Because I know if I had done that I would have asked the doctors to just end it now.... At least the can have the paperwork done early and they wouldn't have to deal with my too be wife later on.....

-Dude


----------



## alaskarider (Aug 31, 2004)

*rt* said:


> ...
> the moral of this story is: you will have many many many days in your life to go ride a bike. perhaps your wedding day should not be one of them.
> 
> the second moral of this story is: if you're going to endo onto a large rock and break the largest bone in your body, make sure you do not also land in a pile of poison oak.
> ...


Yikes! I guess airbrushing the broken femur out of the pictures wasn't going to cut it. 

So, I guess I could de-stress with a short jog. Or, I could think to myself, "It's already happened to someone else, therefore _it can't happen to me!_ (I know: :nono: )


----------



## Dwight Moody (Jan 10, 2004)

alaskarider said:


> And I'll only get married once, right? Right?


Hey, polyandry is catching on.

most people I know who went through weddings were much happier doing it "their way", ways which varied from insanely traditional, to my sisters very elaborate Renn Faire affair, to a backyard BBQ with a quick wedding before the main course, to getting hitched with the JP and two friends as witnesses and then hitting the pubs.
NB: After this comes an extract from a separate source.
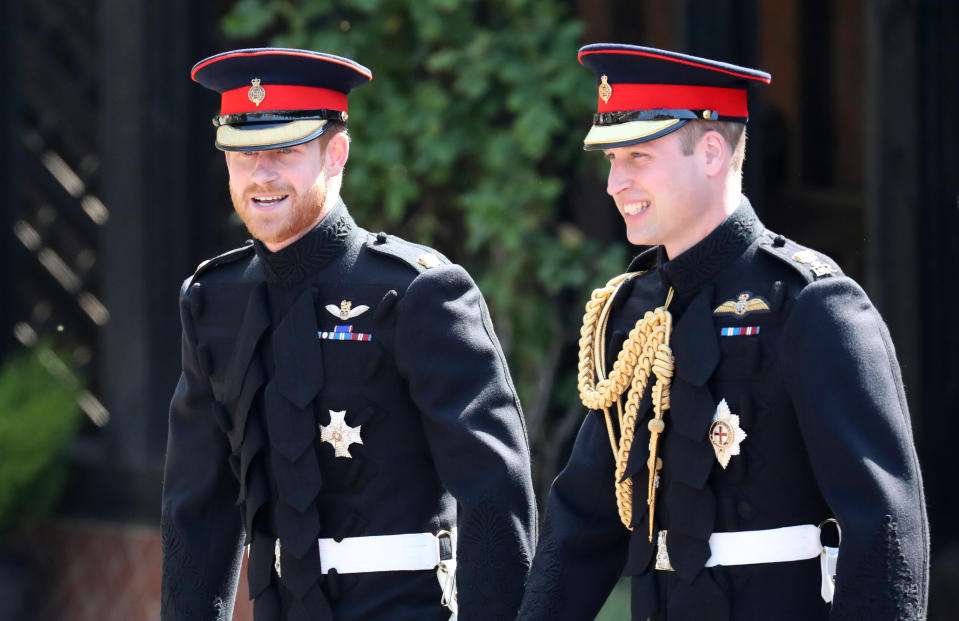 La complicité du prince Harry et du prince William en images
So it comes down to "what do I want to remember" (or "we" if you're going to be generous and include your fiance in the wedding planning)?

I'd be too nervous to do anything technical or fast paced, but if my partner and I were to do an easy turn around the Green Lake bike path in the early morning before getting hitched, I'd think it was really special.


----------



## shiggy (Dec 19, 1998)

*rt* said:


> several years ago some friends were getting married...


Exactly the story I first thought of.


----------



## deanna (Jan 15, 2004)

shiggy said:


> Exactly the story I first thought of.


Same here.


----------



## rzozaya1969 (Nov 28, 2004)

I'm single, but I'm not sure you'll have time for everything, especially if it's an early wedding. Just take it easy on that day.

Good luck!


----------



## *rt* (Jan 15, 2004)

*hehe*

i kinda thought others might be reminded of the same incident. 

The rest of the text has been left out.